Les plaintes des assurés foisonnent. Les remboursements n'interviennent qu'après des mois et après avoir insisté. Des thérapies ambulatoires ne sont prises en charge que si le traitement relève du stationnaire, car les traitements hospitaliers sont cofinancés par la manne publique.

Les demandes de changement de caisses faites par des malades sont traitées si lentement que les intéressés n'ont d'autre choix que de rester chez leurs assureurs, a poursuivi Mme Gilli. Selon Mme Carrobio, elle aussi médecin, les prestataires de soins, qui ne seraient plus confrontés qu'à une seule institution, y gagneraient aussi au change.

Primes cantonales

La Tessinoise a tenu par ailleurs a dénoncé la campagne menée par la droite, selon laquelle les primes désormais cantonales ne permettront plus ni rabais pour enfants ni modèles alternatifs d'assurance. Les initiants ont dit depuis le début que ce n'était pas leur intention, a-t-elle souligné.

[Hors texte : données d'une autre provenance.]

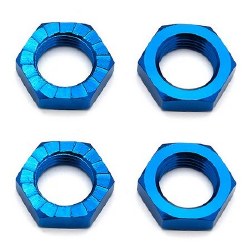 17mm Aluminum Serrated Wheel Hex Nut (Blue) (4)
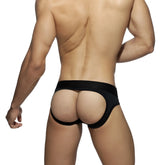 Black bottomless fetish brief showing back side with form-fitting high-waisted cutouts and wide elastic waistband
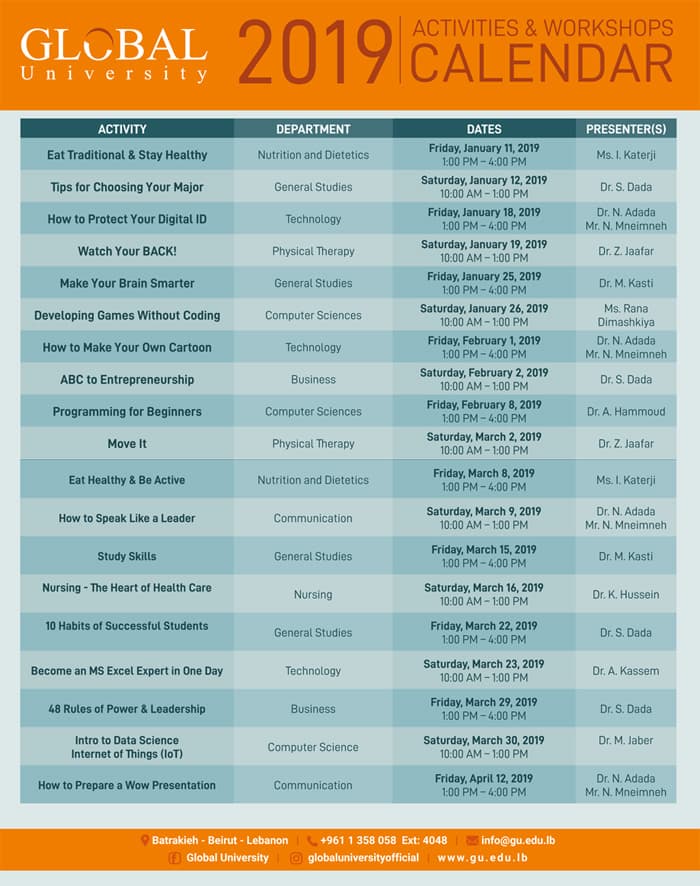 Workshops Calendar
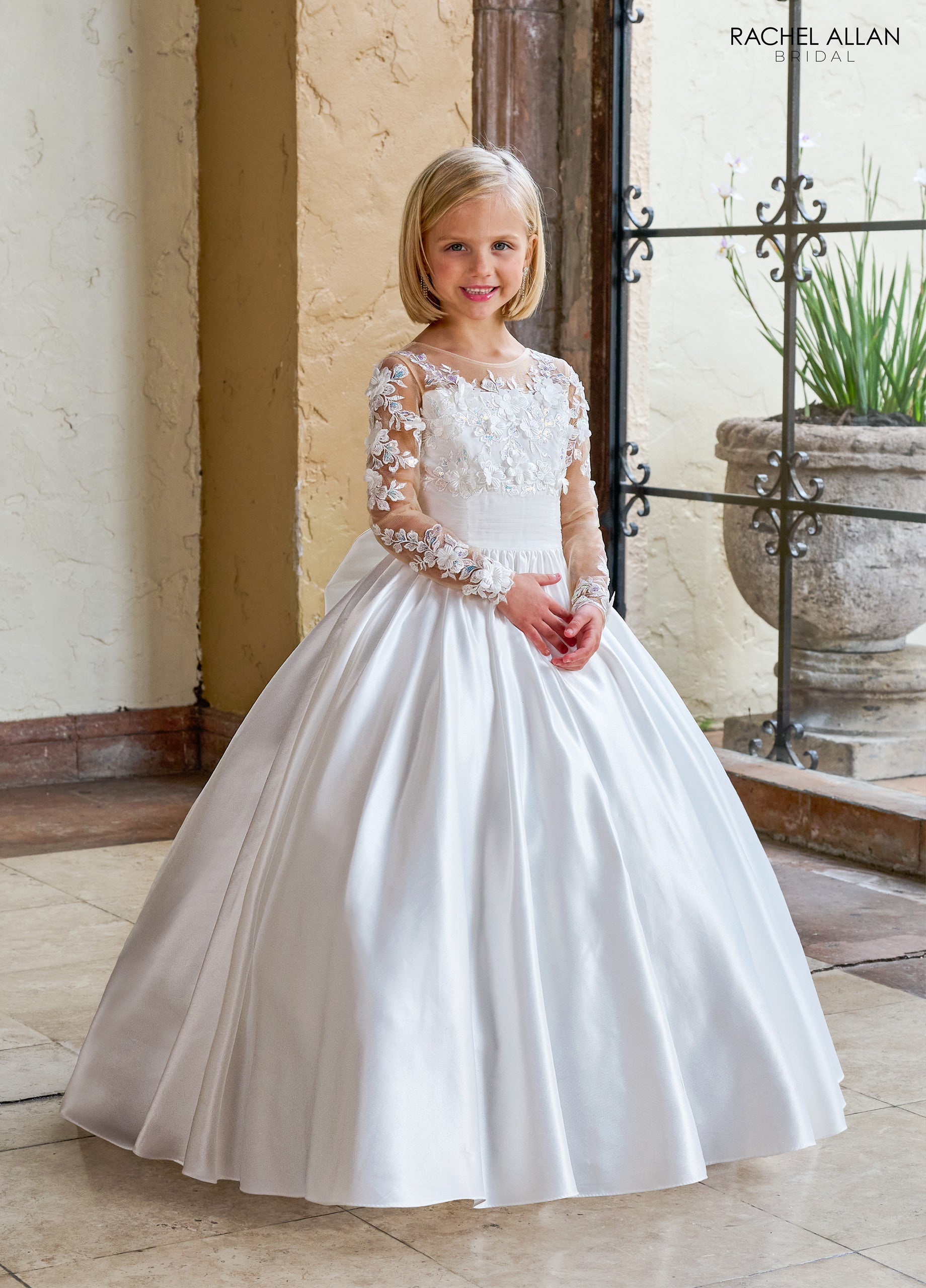 Girls First Communion Dresses Communion Dresses White Dresses Tagged Dresses with Train ABC Fashion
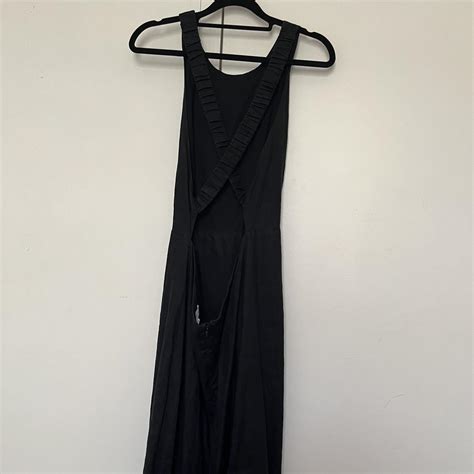 Aere Black Cross Back Linen Maxi Dress Size Depop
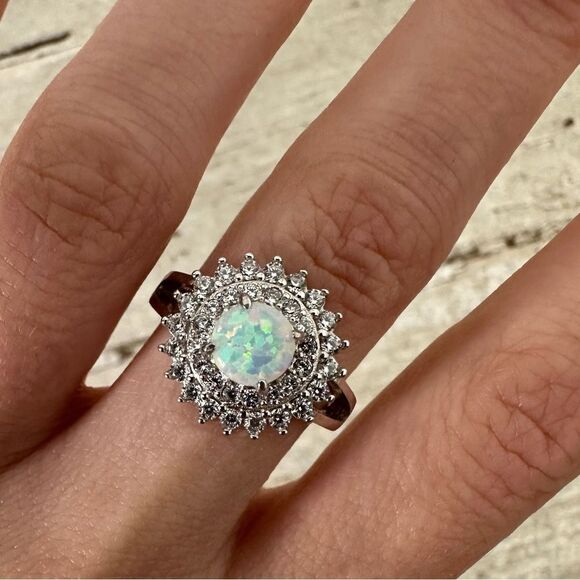 Vintage Opal And Cluster Rhinestone Ring - Picture 1 of 8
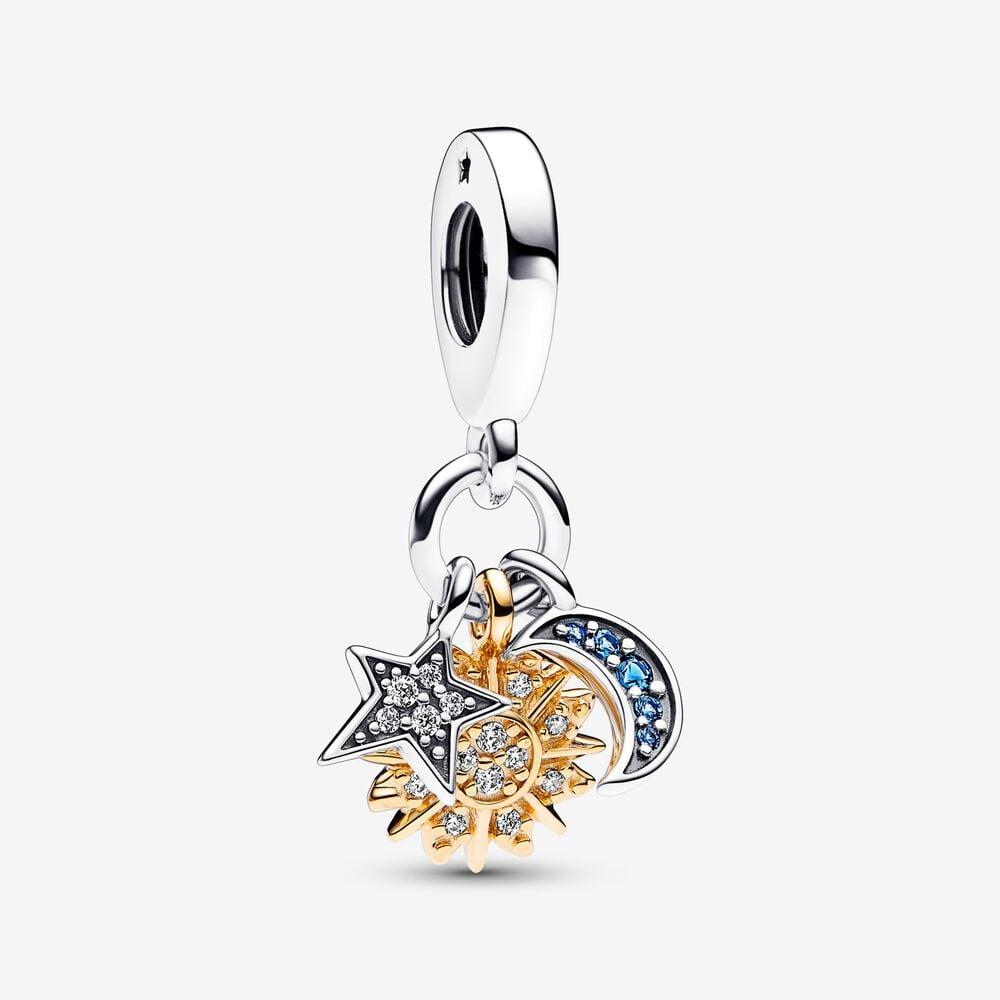 Pandora Sterling Silver and 14ct Gold Plated Celestial Dangle Charm 762676c01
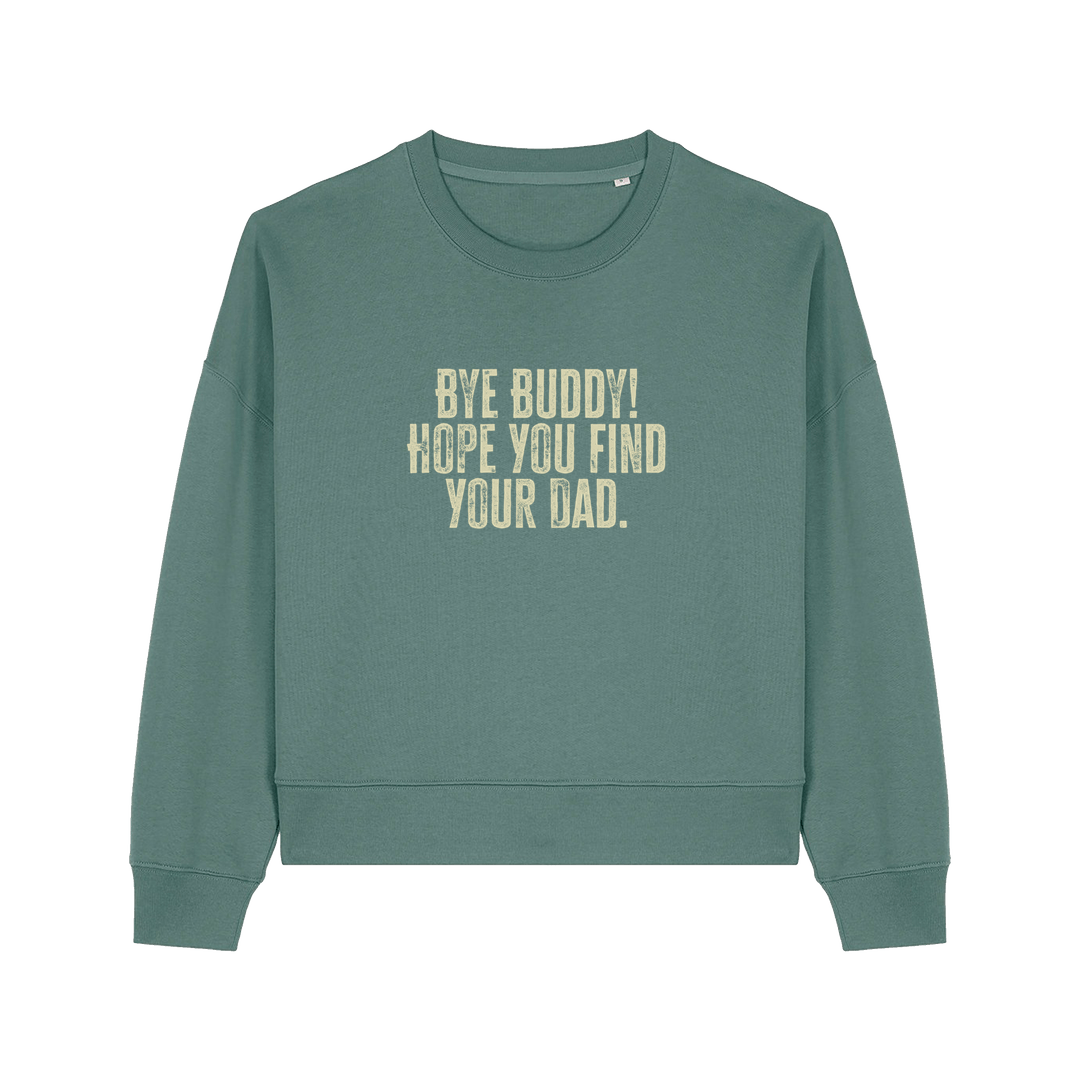 green christmas jumper with the slogan 'by buddy hope you find your dad'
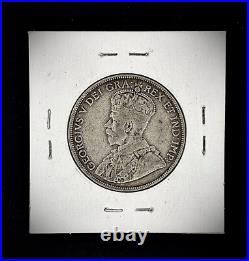 1914 Canada Silver 50 Cent Half Dollar Coin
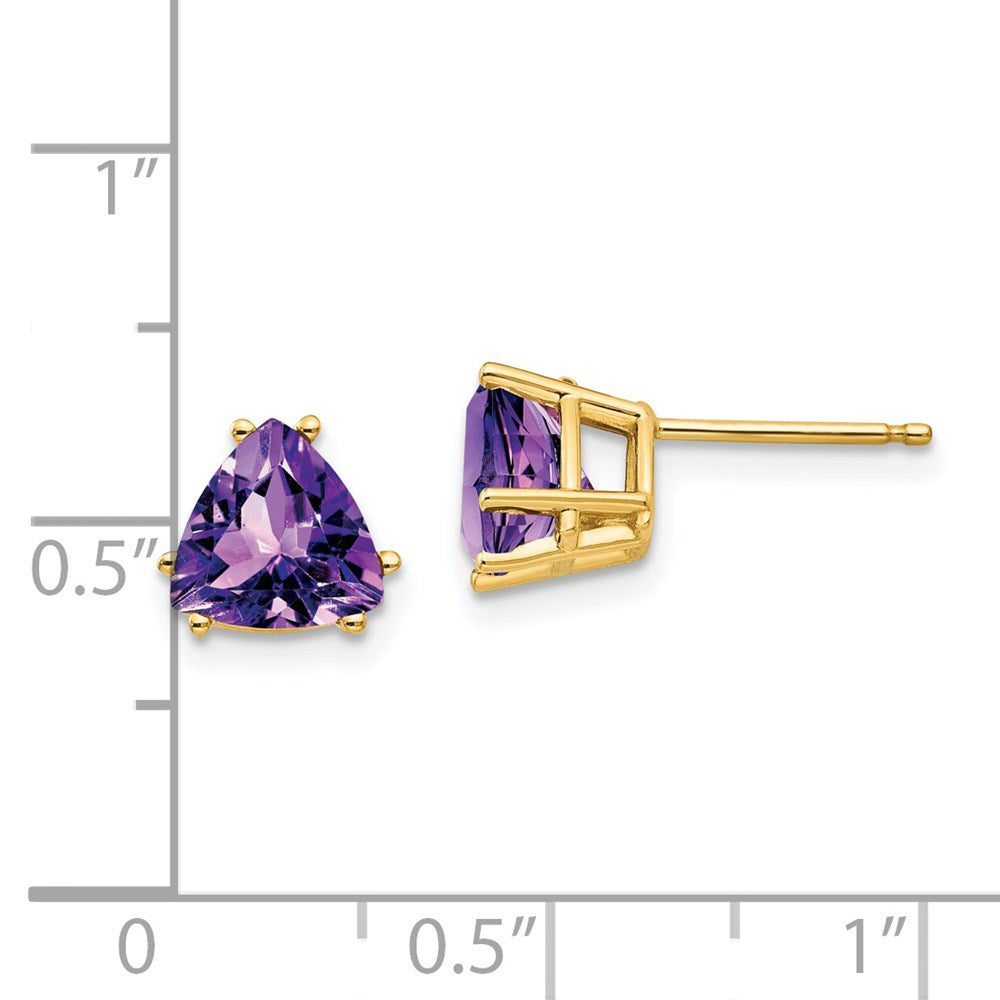 14k Yellow Gold 7mm Trillion Amethyst Earrings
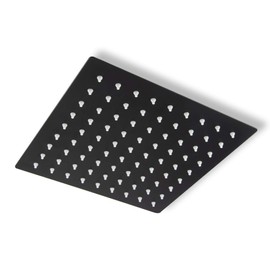 MEER FAUCETS BY CNX Regadera Cuadrada Fabricada en Acero Inoxidable en Color Negro Mate de 8", con Sistema Anti-Sarro, Certificada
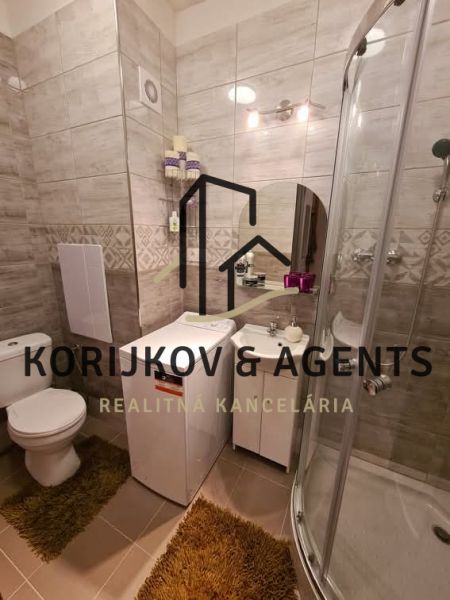 Compact bathroom in a 2-room apartment with a washing machine and a shower.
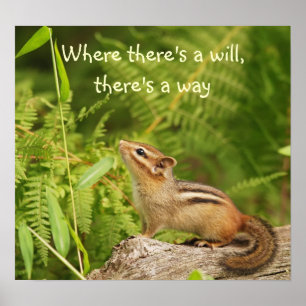 Determined Baby Chipmunk Poster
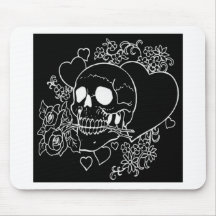 Skull Love - Skulls, Roses and Hearts by Al Rio Mouse Pads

Mais on ne devrait plus payer une prime allant du simple au double dans la même région pour le même produit. Reste à savoir quel modèle d'organisation devrait suivre la caisse unique. Le plus important est l'ancrage cantonal, territoire où se joue la politique de la santé, d'après M. Rossini qui a évoqué les assurances sociales (AVS,AI, chomâge).